Le gouvernement Castex confirme hélas cette dérive : il a sa vedette, l’avocat Dupond-Moretti. Avec son surnom d’Acquitator (acquitte à tort), il n’a pas ménagé les magistrats et sa nomination provoque déjà la colère de nombre d’entre eux, mais si cela peut réjouir ceux qui souhaitent bousculer une justice lente et laxiste, il risque d’y avoir un malentendu. De gauche, il s’est déjà fait applaudir par les détenus en visitant une prison. Alors que le problème français est l’insuffisance « hôtelière » du système carcéral, et non la sévérité des peines et de leur application, il veut diminuer la prétendue surpopulation pénitentiaire. Face à un ministre de l’Intérieur, qui voudra briller place Beauvau, comme son modèle, en brandissant à nouveau le Kärcher, l’affrontement semble inévitable. Par ailleurs, le premier retrouvera en quittant son ministère des affaires qu’il traitait auparavant : le conflit d’intérêts paraît évident.
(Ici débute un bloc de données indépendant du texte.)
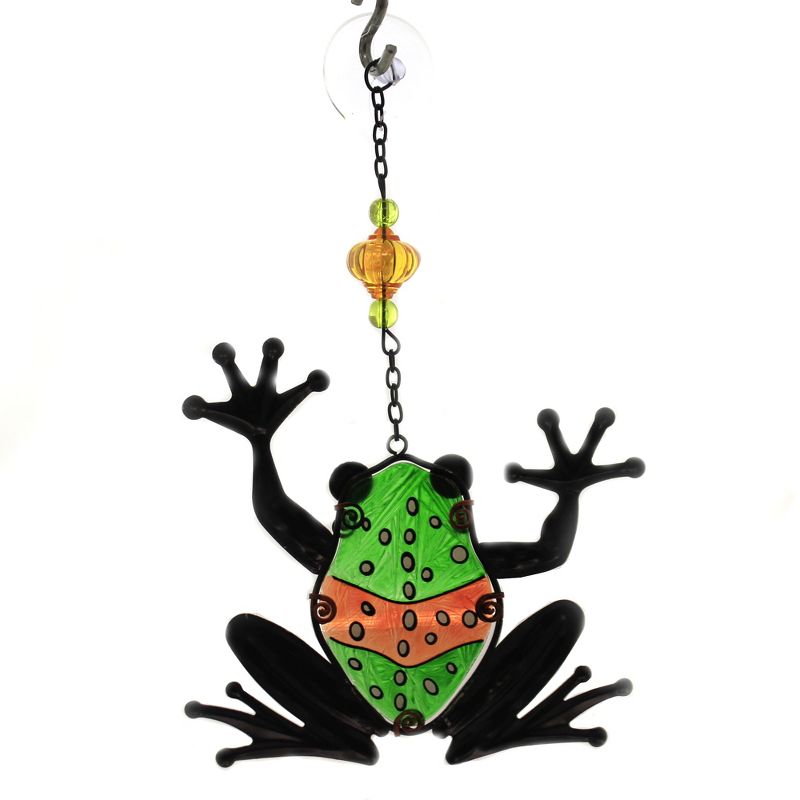 Home Decor 10.25" Frog Sun Catcher Hand Painted  -  Stained Glass And Suncatchers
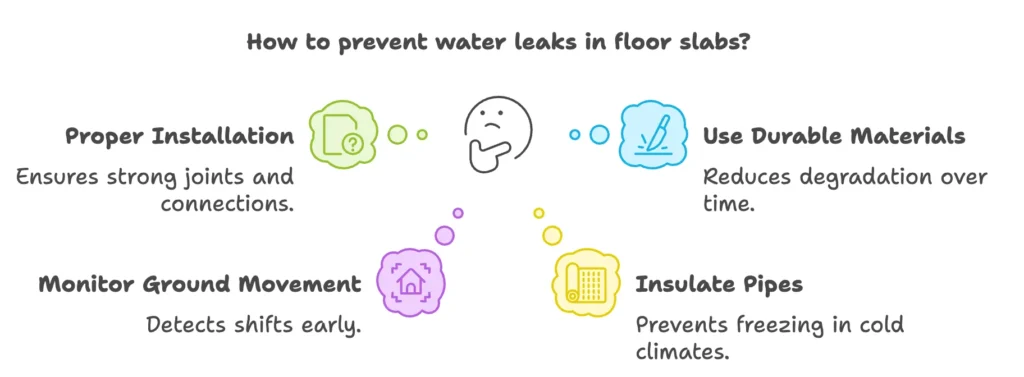 How to prevent water leaks in floor slabs?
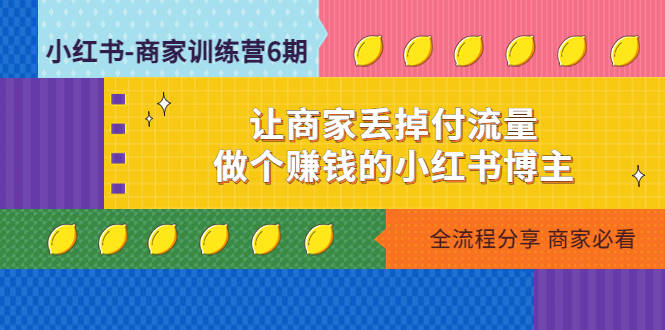 小红书-商家训练营12期：让商家丢掉付流量，做个赚钱的小红书博主-小哥网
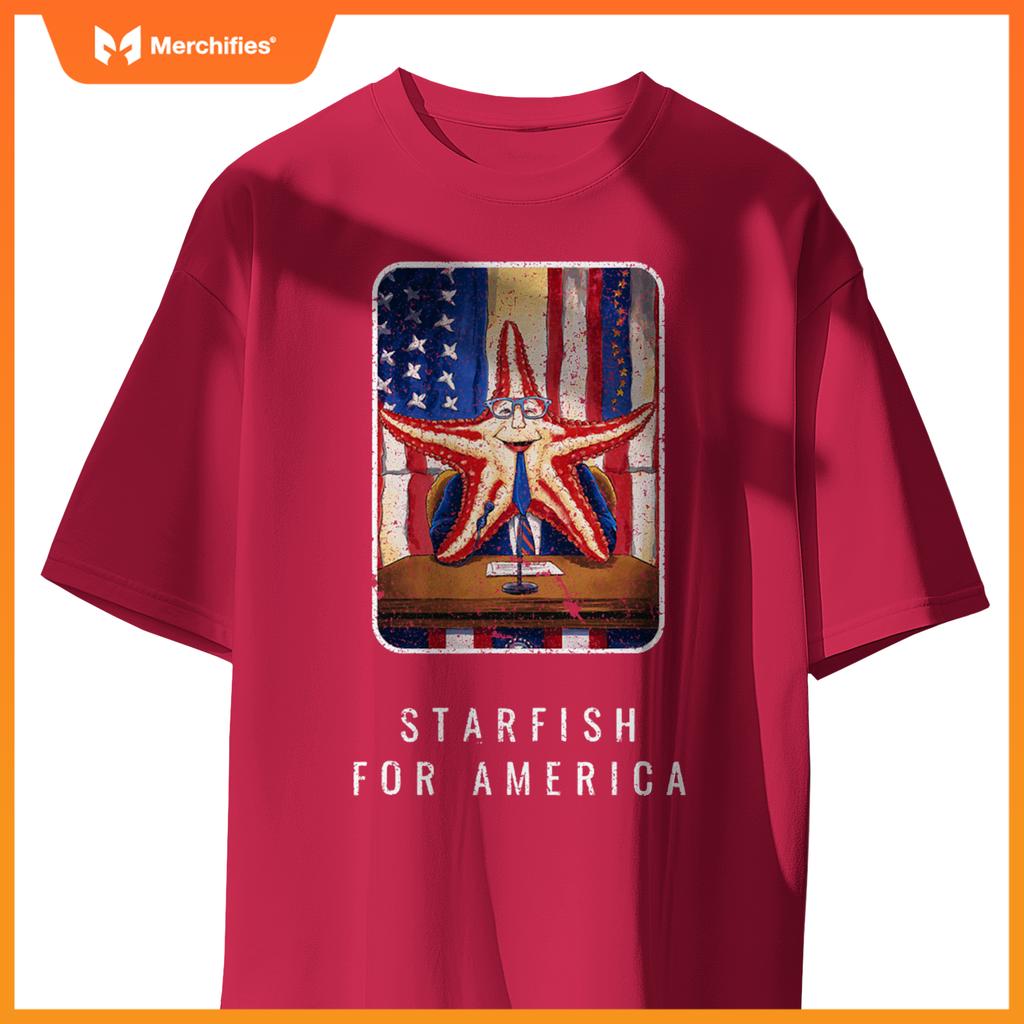 Patriotic political starfish in glasses and suit T-Shirt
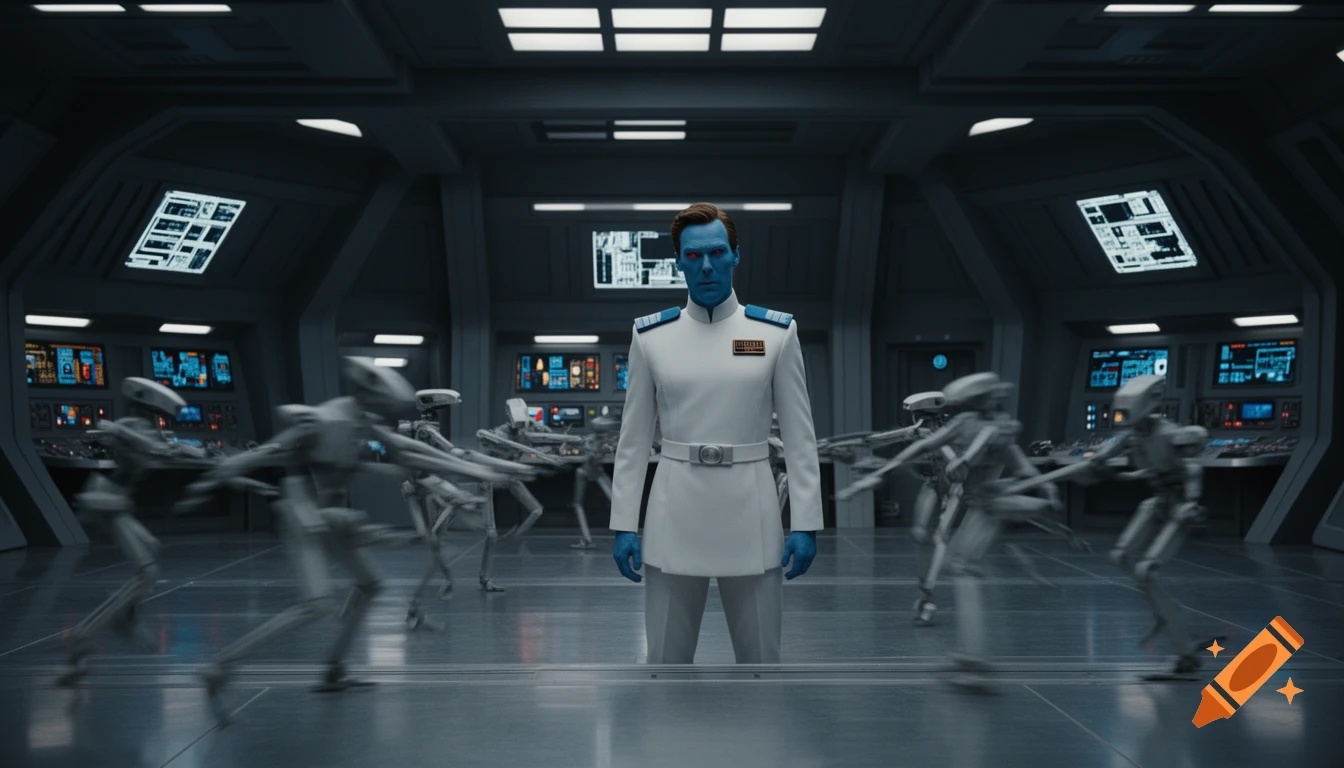 A blue-skinned man in a white uniform stands in a futuristic control room, surrounded by several blurry, running humanoid droids.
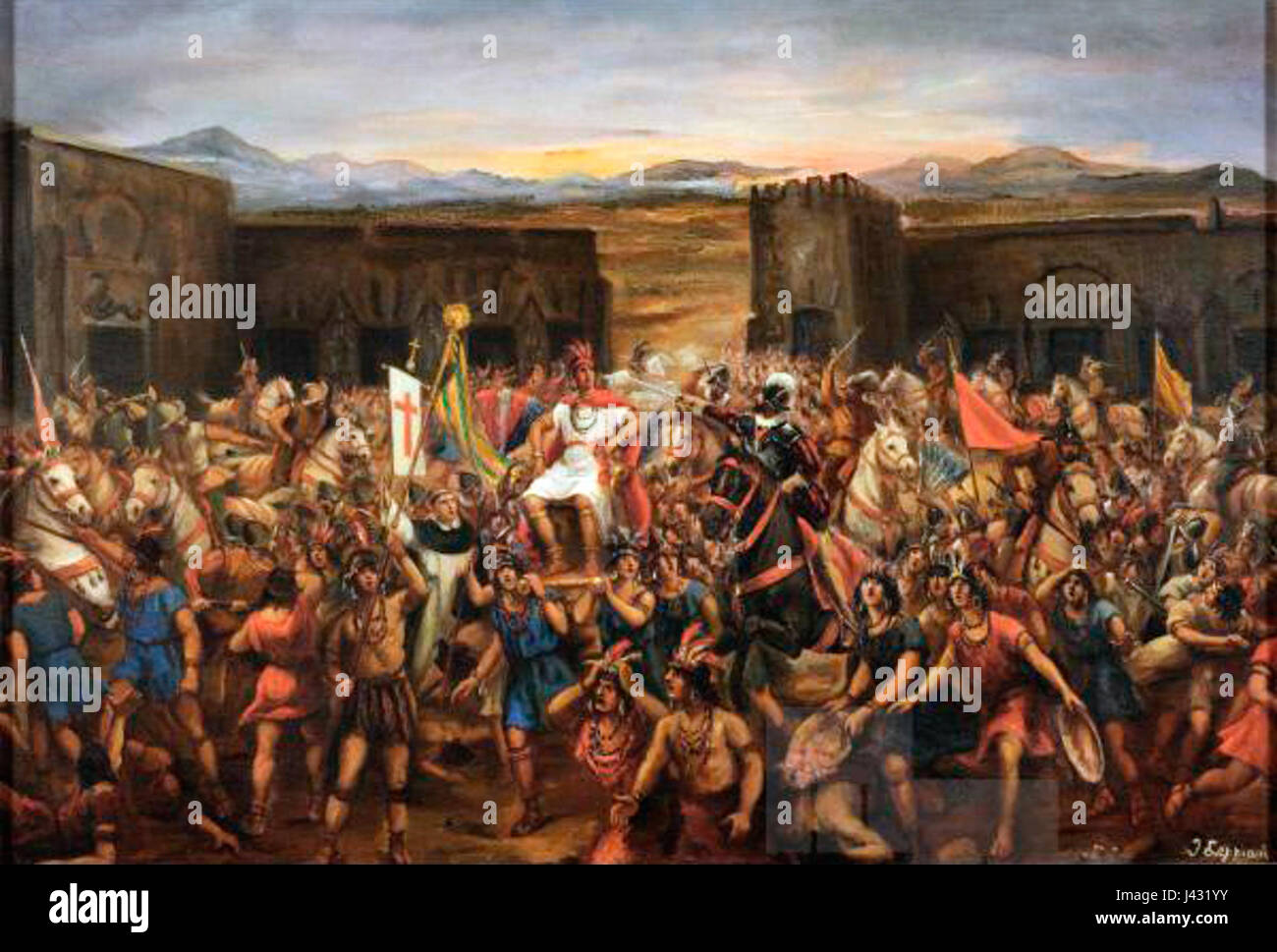 La captura de Atahualpa Juan Lepiani Foto Stock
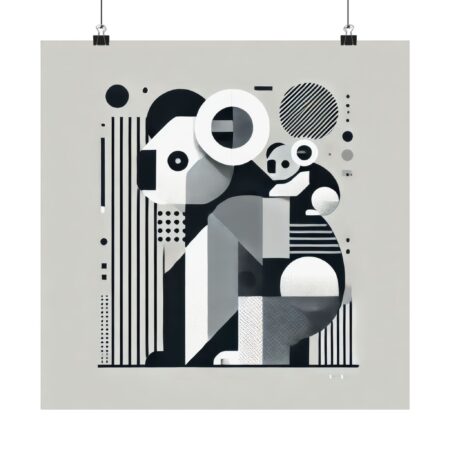 Bauhaus Koala Wall Poster, Minimalist Abstract Art Print, Matte Poster for Home Decor, Nursery Decor, Animal Lover Gift, Vertical Print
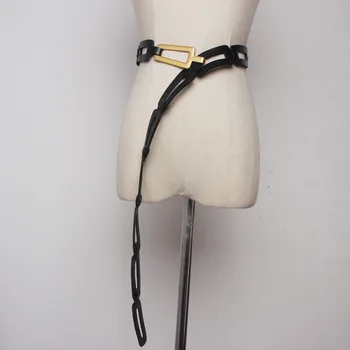 

brand Genuine Leather adjustable long Women's Belt DesignerHollow out Decoration Waistband femme Sweater Overcoat Skirt Girdle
Quant au second, objet d’une enquête pour viol, sa nomination comme patron de la police n’est pas convenable, même en vertu de la présomption d’innocence. Veran, le ministre de la Santé garde son portefeuille. Or, lui aussi est l’objet d’une enquête judiciaire à la suite de neuf plaintes en raison de la gestion calamiteuse de la crise sanitaire. Il y a dans ces choix une désinvolture qui confine au mépris. On y retrouve l’arrogance qui est l’une des signatures du macronisme, l’autre étant son progressisme. Malgré le départ de trois socialistes, mauvais, si on ose ce pléonasme, Castaner, Belloubet et Ndiaye, les électeurs de droite ne devraient pas s’esbaudir : l’arrivée spectaculaire de Bachelot à la culture confirme certes l’alternance à ces ministères lorsqu’ils sont de « droite », d’homosexuels et de femmes, comme si cela comptait dans la désignation, mais surtout, cette héritière a toujours appartenu au courant progressiste, celui qui a empêché la « droite » d’être cohérente avec elle-même, en lui donnant le visage de la gauche avec une génération de retard, comme si le progrès, à droite, c’était la décadence, mais à pas comptés. Pour ceux qui pensent que la droite, la vraie, c’est celle du redressement, et donc parfois de la réaction, l’opération de sauvetage du macronisme en vue de 2022 n’est qu’un mirage, une illusion qu’il faut dissiper au plus vite.